Seoul apartment price equal to 12 years of full salary
SEOUL, June 18 (Yonhap) -- It takes nearly 12 years of the average Korean household's entire income to equal the cost of an apartment in Seoul, statistics indicated Sunday, a result of the miniscule increase in household income compared with the rise in housing prices.
According to Statistics Korea and a real estate team of KB Kookmin Bank, the average household income last year came to 51.24 million won (US$45,185). In the case of the capital city, where about 20 percent of the country's population resides, the price of an apartment averaged 596.7 million won. This means that a salaried worker would have to save all of his or her pay for close to 12 years to be able to afford an abode in Seoul.
Buying an apartment in the capital is 1.9 times more costly than in other parts of the country. The average apartment price nationwide was 318 million won, which would still require more than six years of full salary savings.
A detailed analysis showed that while income increased 8.5 percent since 2013, the price of a Seoul apartment jumped 17.5 percent. The leap was starkest last year when the price went up 13.7 percent. For people who exited Seoul to the closest province of Gyeonggi, the situation got worse. During the 2013-2016 period, the price of an apartment in the province rose 17.9 percent.

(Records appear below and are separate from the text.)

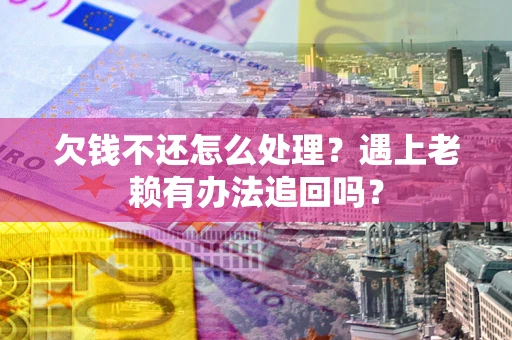 武汉欠钱不还怎么处理？遇上老赖有办法追回吗？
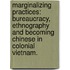 Marginalizing Practices: Bureaucracy, Ethnography And Becoming Chinese In Colonial Vietnam.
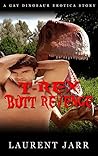 T-Rex Butt Revenge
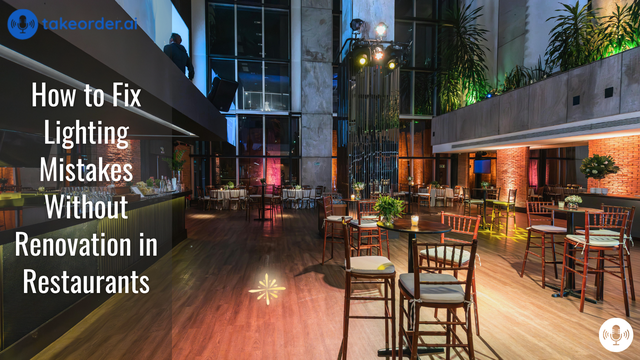 Lighting Mistakes Restaurants Make (and How to Fix Them Without Renovation)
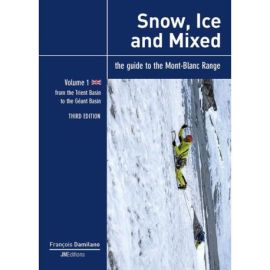 THE GUIDE TO THE MONT-BLANC RANGE SNOW, ICE AND MIXED - V1 - FROM THE TRIENT BASIN TO THE GEANT BASIN - UK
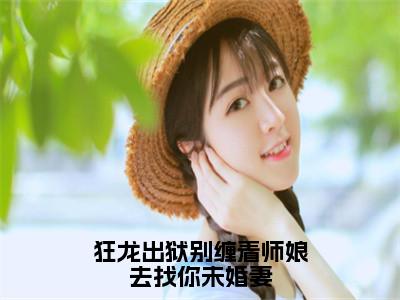 狂龙出狱别缠着师娘去找你未婚妻（大结局小说全集完整版）林川小说_狂龙出狱别缠着师娘去找你未婚妻全文阅读笔趣阁（后续）+（全文）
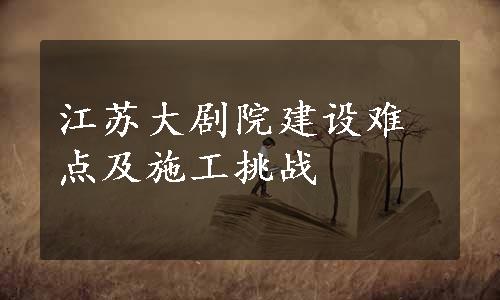 江苏大剧院建设难点及施工挑战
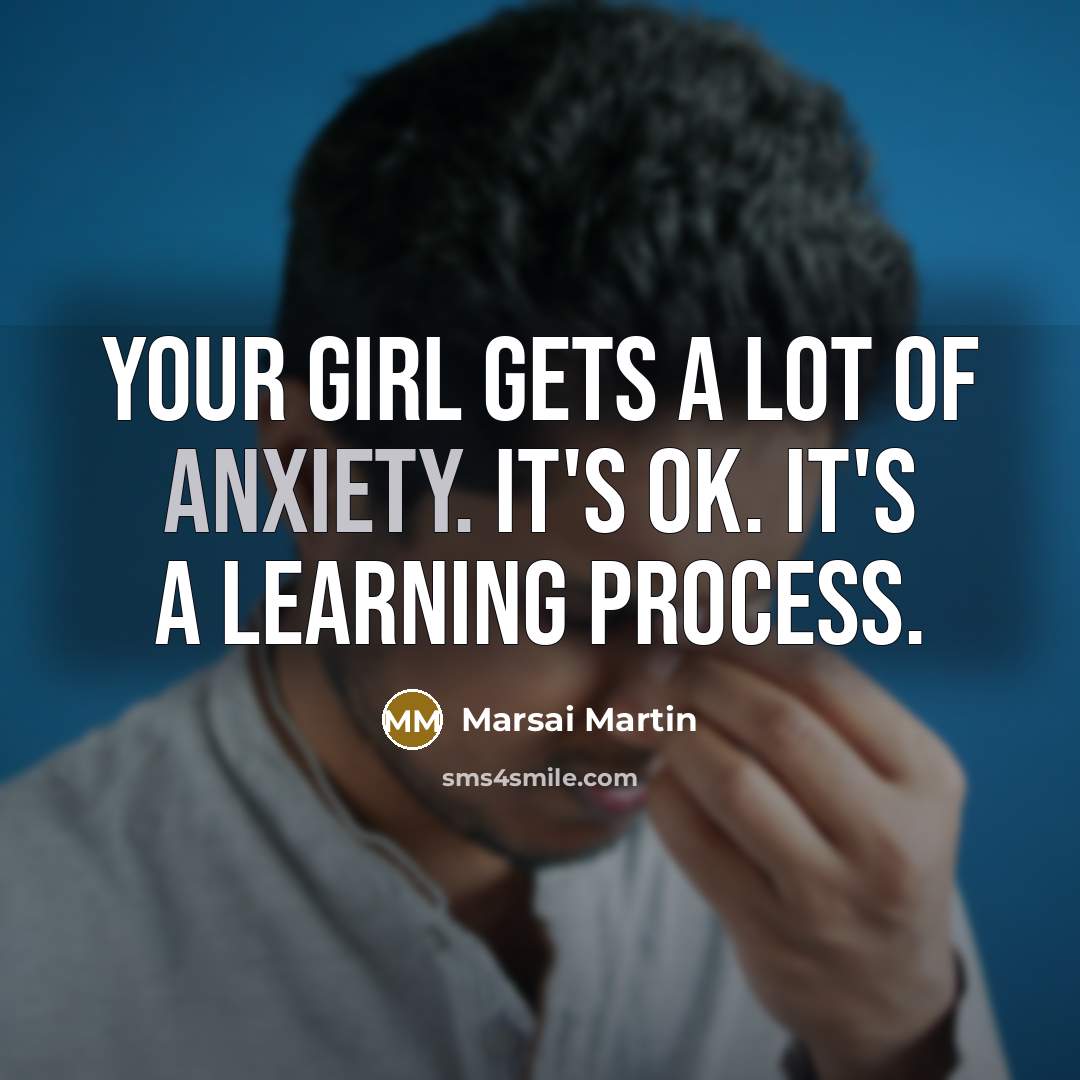 “Your girl gets a lot of anxiety. It's OK. It's…” quote by Marsai Martin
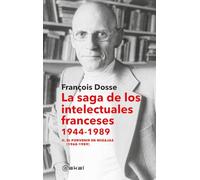 La saga de los intelectuales franceses, 1944-1989: II. El porvenir en migajas (1968-1989): 25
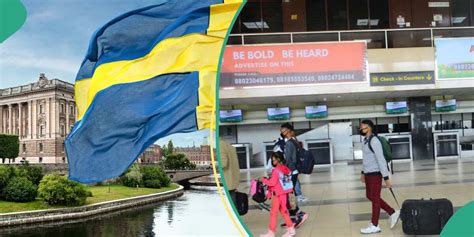 "Contact us": Sweden Simplifies Visa Process, Allows Nigerians to Apply ...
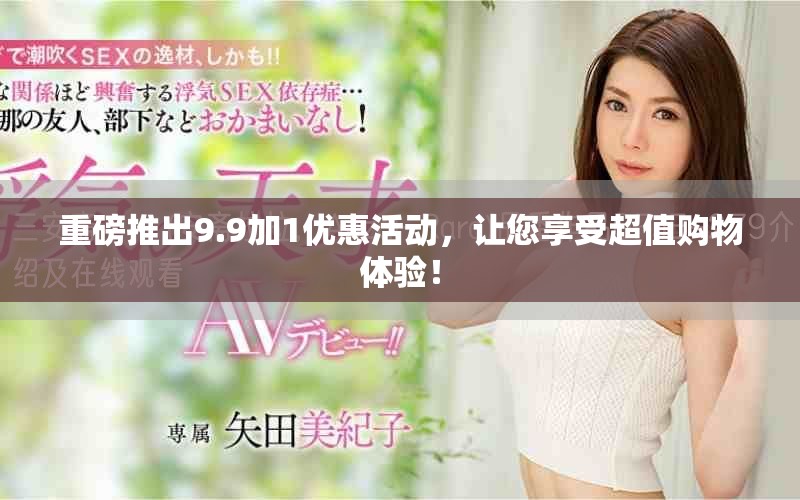 重磅推出9.9加1優(yōu)惠活動，讓您享受超值購物體驗(yàn)！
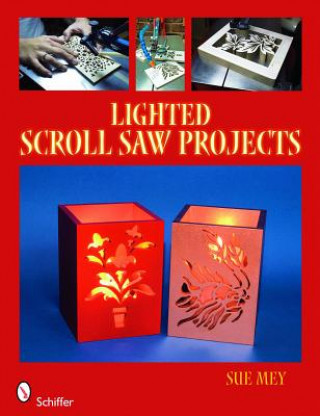 Kniha Lighted Scroll Saw Projects Sue Mey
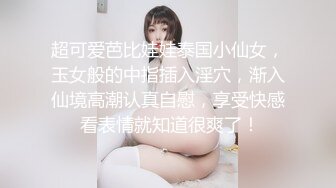 超可爱芭比娃娃泰国小仙女，玉女般的中指插入淫穴，渐入仙境高潮认真自慰，享受快感 看表情就知道很爽了！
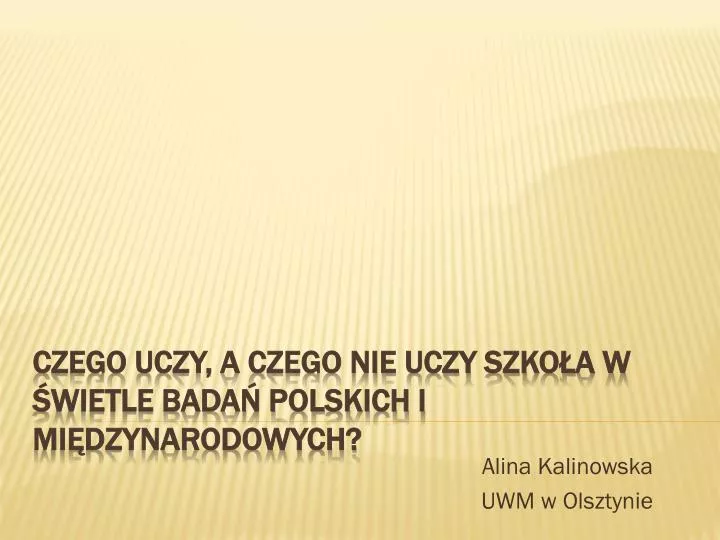 Ppt Czego Uczy A Czego Nie Uczy Szkoła W świetle Badań Polskich I Międzynarodowych 1897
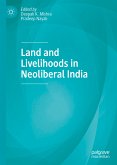 Land and Livelihoods in Neoliberal India (eBook, PDF)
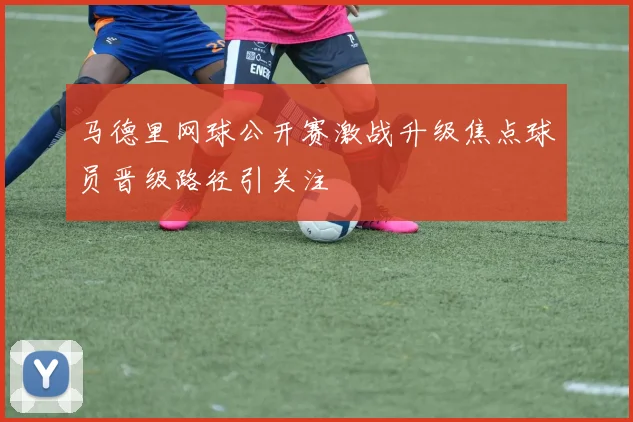 马德里网球公开赛激战升级焦点球员晋级路径引关注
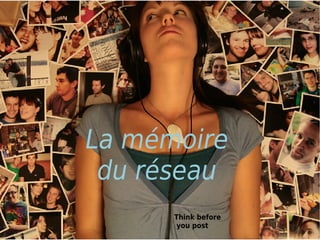 La mémoire
 du réseau
      Think before
       you post
 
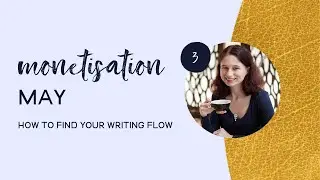 How To Find Your Writing Flow | Monetisation May Series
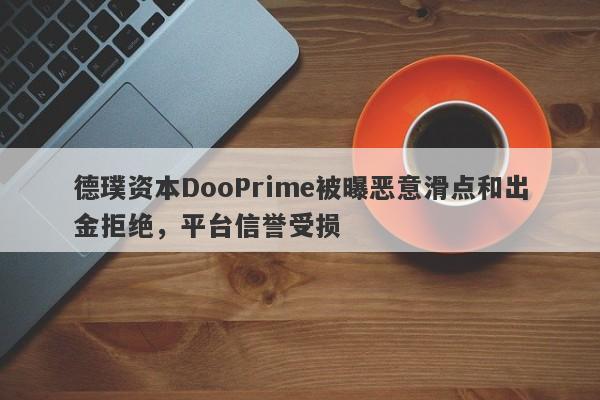 德璞资本DooPrime被曝恶意滑点和出金拒绝，平台信誉受损-第1张图片-要懂汇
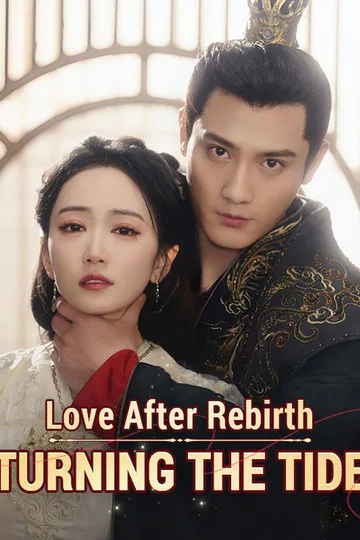 Love After Rebirth: Turning the Tide poster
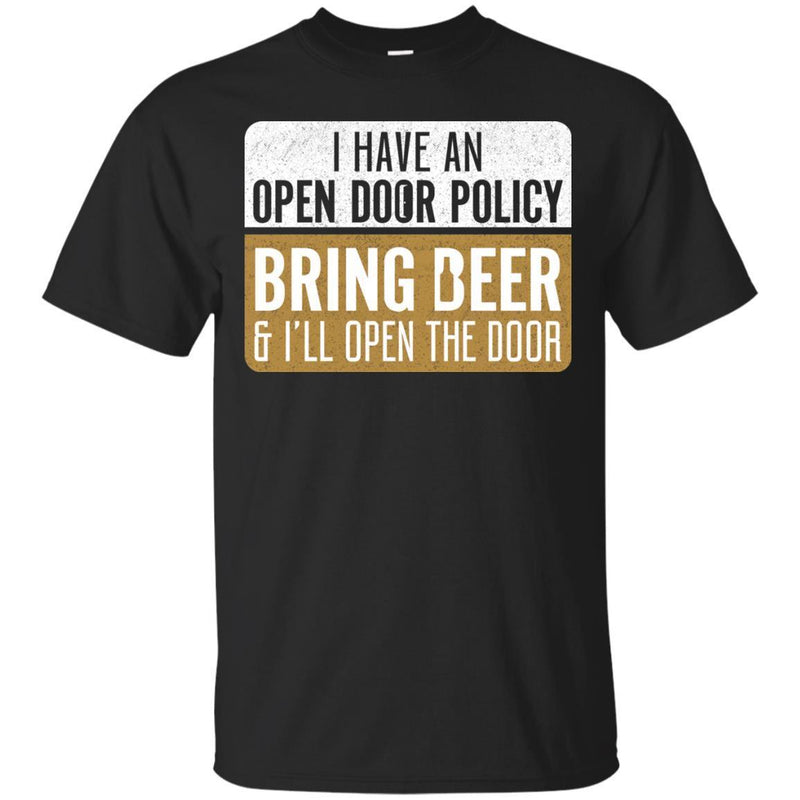 I Have An Open Door Policy Bring Beer and I'll Open The Door T-shirt For Beer Lover CustomCat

Numbers indicated that it was taking people longer to earn enough money for a residence in Seoul. In 2012, the measured time was 10.8 years. It went down to 9.9 years in 2014 before increasing back up to 10.4 years in 2015.
The difference in housing cost between cities was stark. For Busan, where the income-home price gap was third highest, an apartment price averaged 5 1/2 years of salary.
"Under normal circumstances, housing prices should rise in step with the increase in interest rates," Chung Sung-in, an economics professor at Hongik University, said. "When housing prices are jumping 9 percent or 10 percent like now, it means either the economy is fresh enough to expand exponentially or there is a bubble. In our case, chances are that it is the latter."